Exercise data —
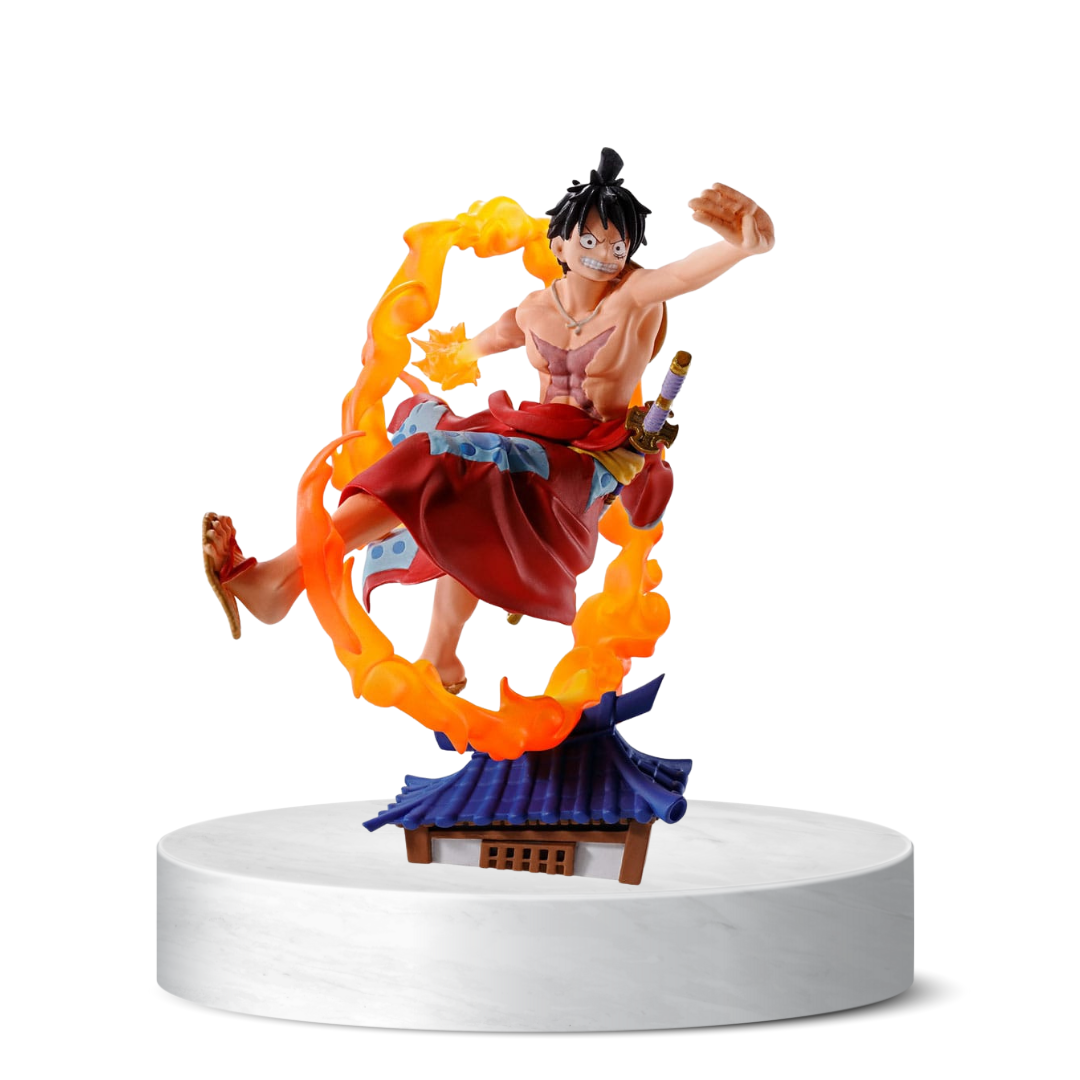 One Piece Petitrama PVC Mini-Statue Re Birth Wano Kuni Vol. 1 Set 9cm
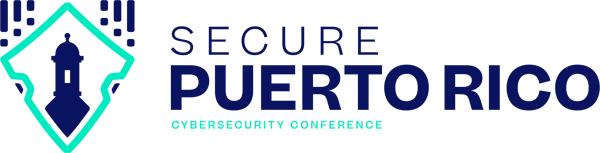 Secure Puerto Rico_Logo_Bright Teal and Dark Blue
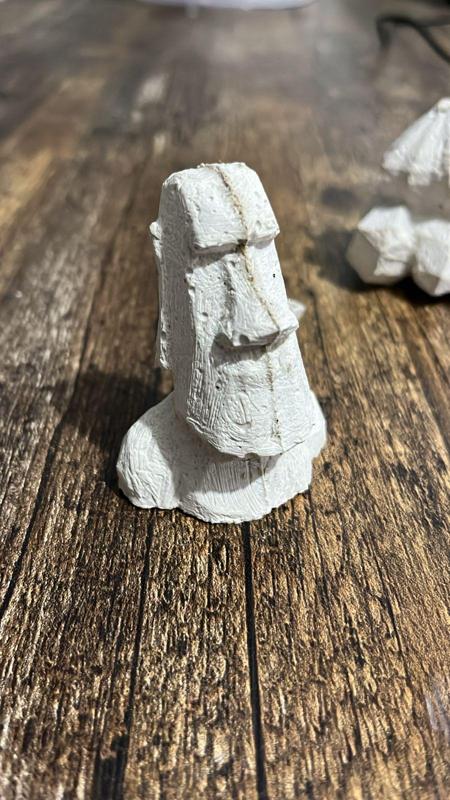 Moai head Moulds for resin or concrete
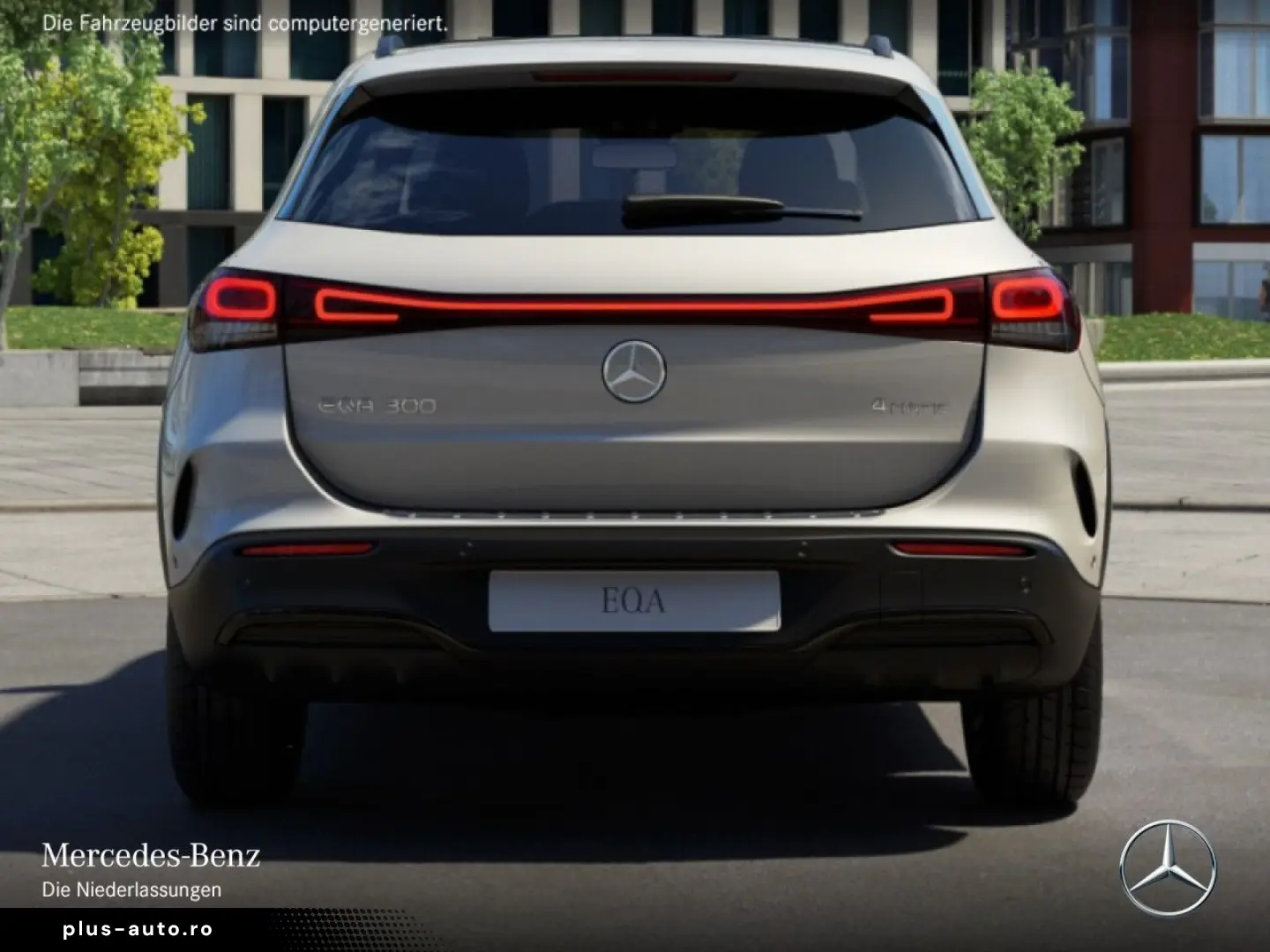 MERCEDES-BENZ EQA 300 4M AMG Night DigiLig Pano LED 360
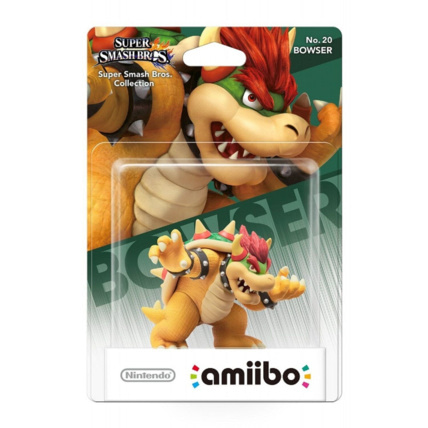 Avis Figurine Super Smash Bros - Bowser Amiibo NINTENDO 1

Goal of the exercise — The lines above must be transcribed exactly, with every picture left out.

Result of this task —
 One Piece Petitrama PVC Mini-Statue Re Birth Wano Kuni Vol. 1 Set 9cm
 Secure Puerto Rico_Logo_Bright Teal and Dark Blue
 Moai head Moulds for resin or concrete
 MERCEDES-BENZ EQA 300 4M AMG Night DigiLig Pano LED 360
 Avis Figurine Super Smash Bros - Bowser Amiibo NINTENDO 1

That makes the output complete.